Output each line of the listing exactly, though pictures are not to appear.

- - - - - - -

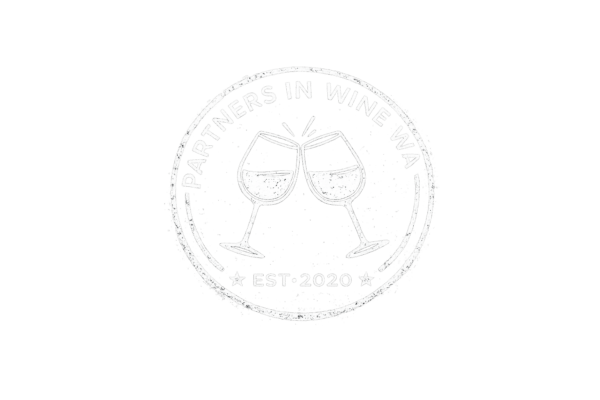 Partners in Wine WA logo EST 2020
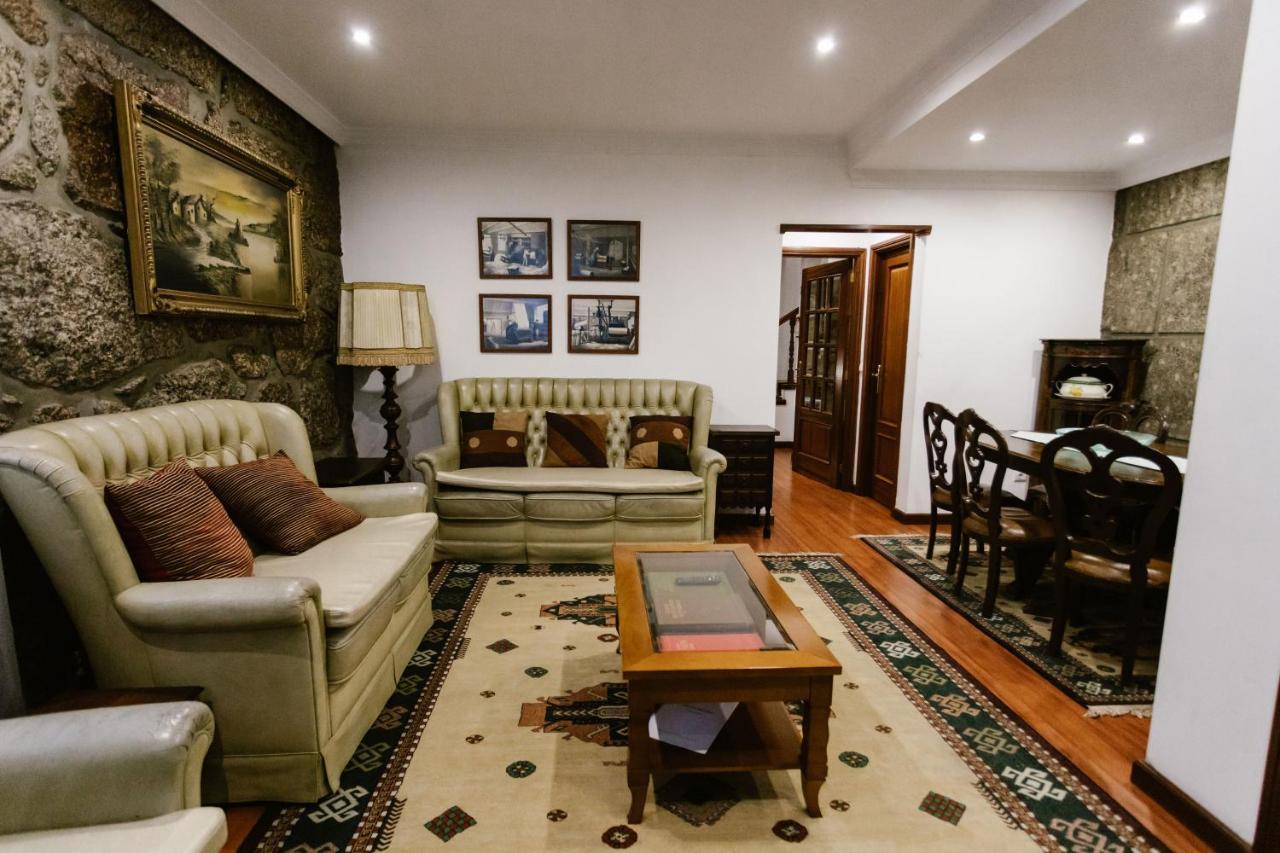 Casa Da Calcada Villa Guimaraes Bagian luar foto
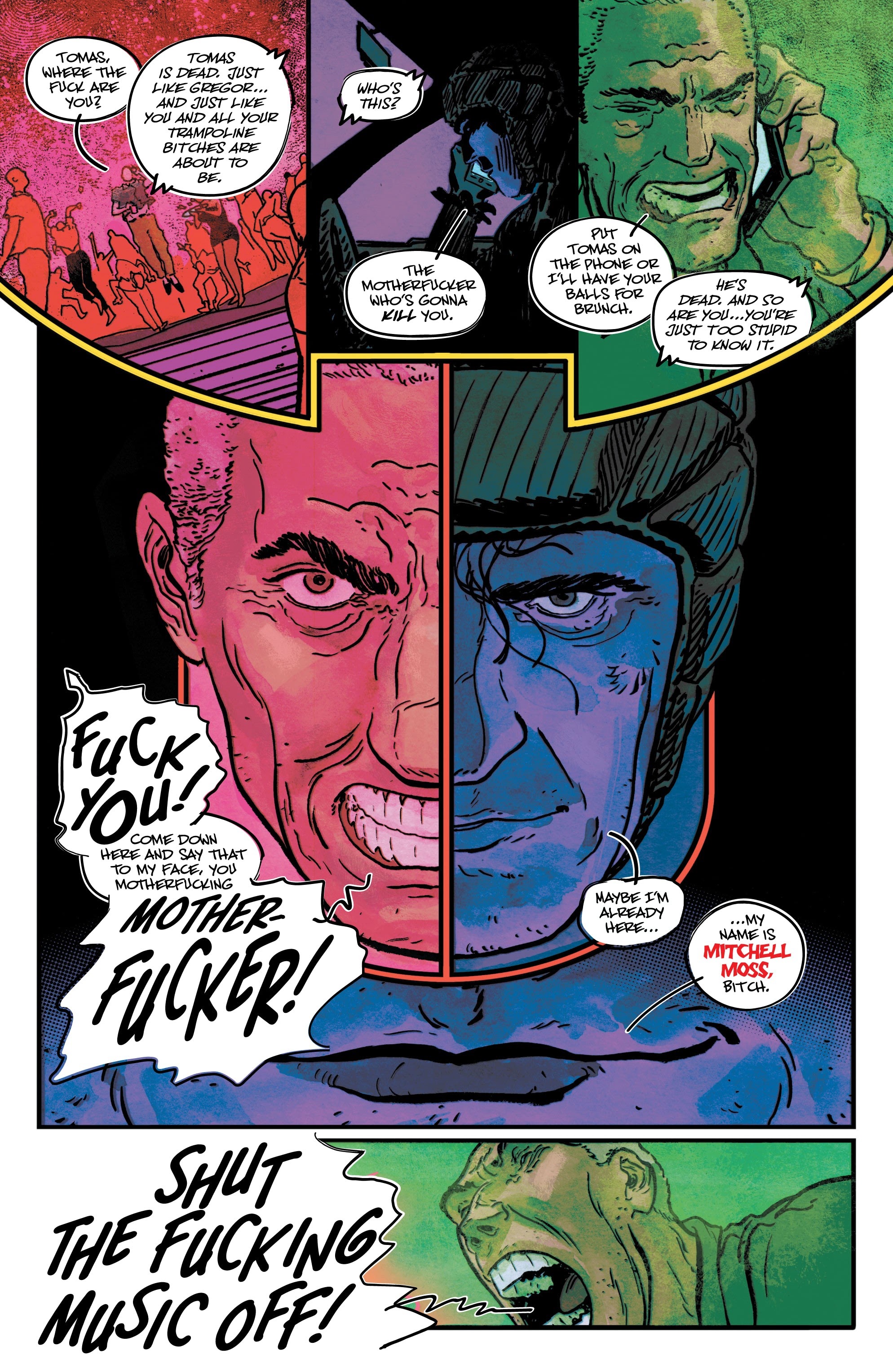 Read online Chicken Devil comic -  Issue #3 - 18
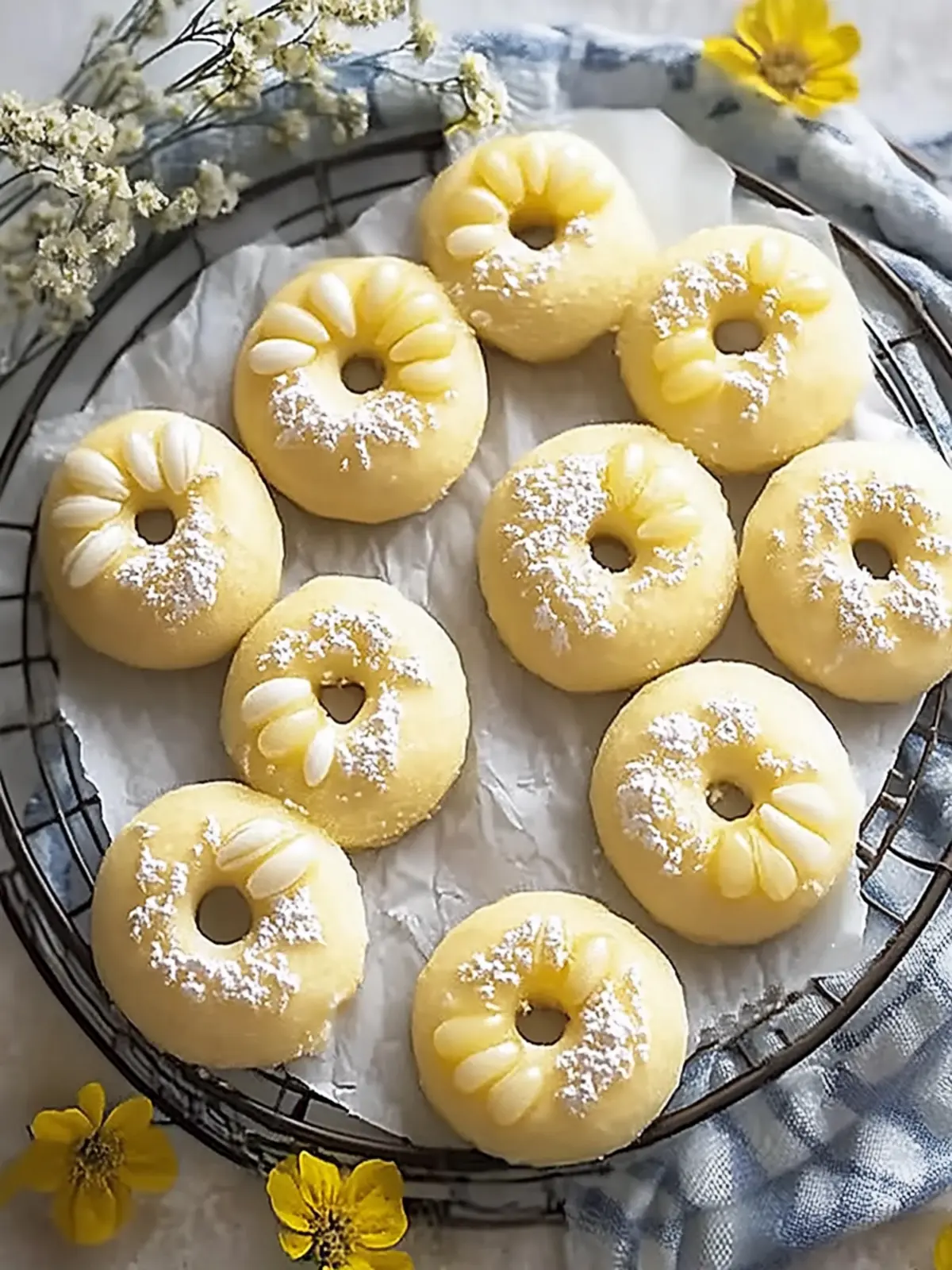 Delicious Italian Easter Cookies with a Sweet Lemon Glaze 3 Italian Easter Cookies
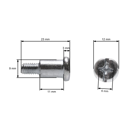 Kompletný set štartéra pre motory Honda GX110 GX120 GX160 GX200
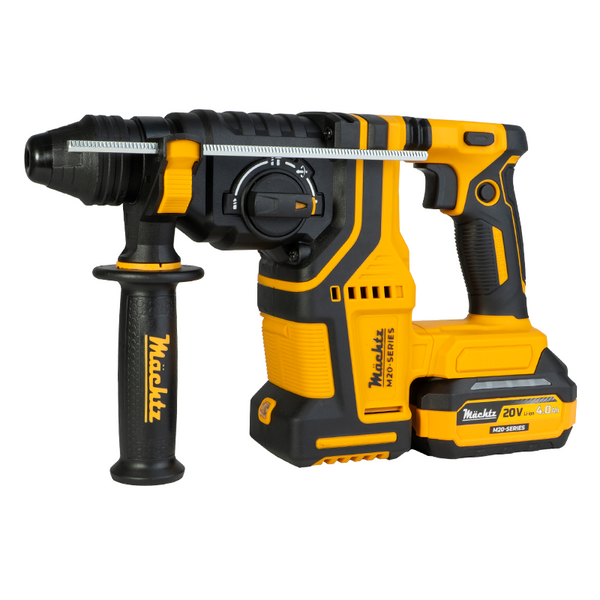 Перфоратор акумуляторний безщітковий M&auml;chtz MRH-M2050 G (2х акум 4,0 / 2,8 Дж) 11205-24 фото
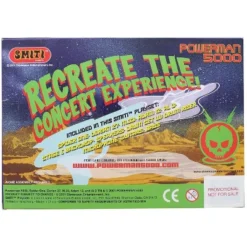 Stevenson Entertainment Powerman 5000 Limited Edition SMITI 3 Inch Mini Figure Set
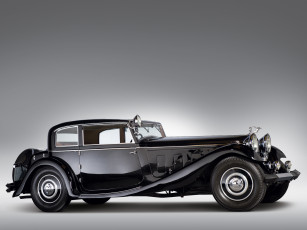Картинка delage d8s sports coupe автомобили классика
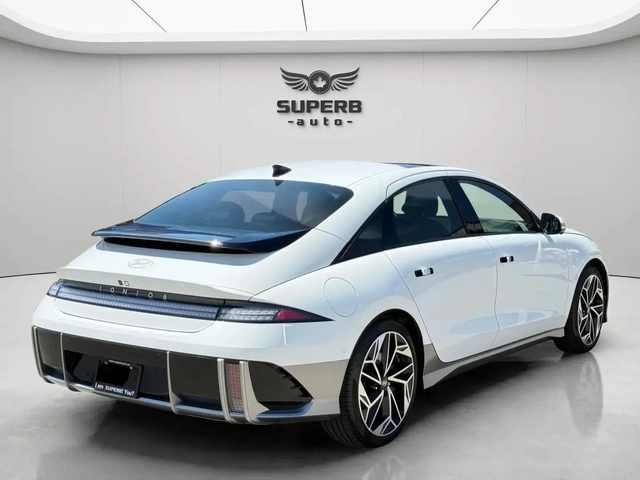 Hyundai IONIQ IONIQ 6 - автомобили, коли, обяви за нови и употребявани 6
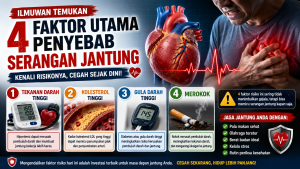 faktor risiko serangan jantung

- - - - - - -

● REPLY TO THE EXERCISE:
 Partners in Wine WA logo EST 2020
 Casa Da Calcada Villa Guimaraes Bagian luar foto
 Read online Chicken Devil comic -  Issue #3 - 18
 Delicious Italian Easter Cookies with a Sweet Lemon Glaze 3 Italian Easter Cookies
 Kompletný set štartéra pre motory Honda GX110 GX120 GX160 GX200
 Перфоратор акумуляторний безщітковий M&auml;chtz MRH-M2050 G (2х акум 4,0 / 2,8 Дж) 11205-24 фото
 Stevenson Entertainment Powerman 5000 Limited Edition SMITI 3 Inch Mini Figure Set
Картинка delage d8s sports coupe автомобили классика
 Hyundai IONIQ IONIQ 6 - автомобили, коли, обяви за нови и употребявани 6
 faktor risiko serangan jantung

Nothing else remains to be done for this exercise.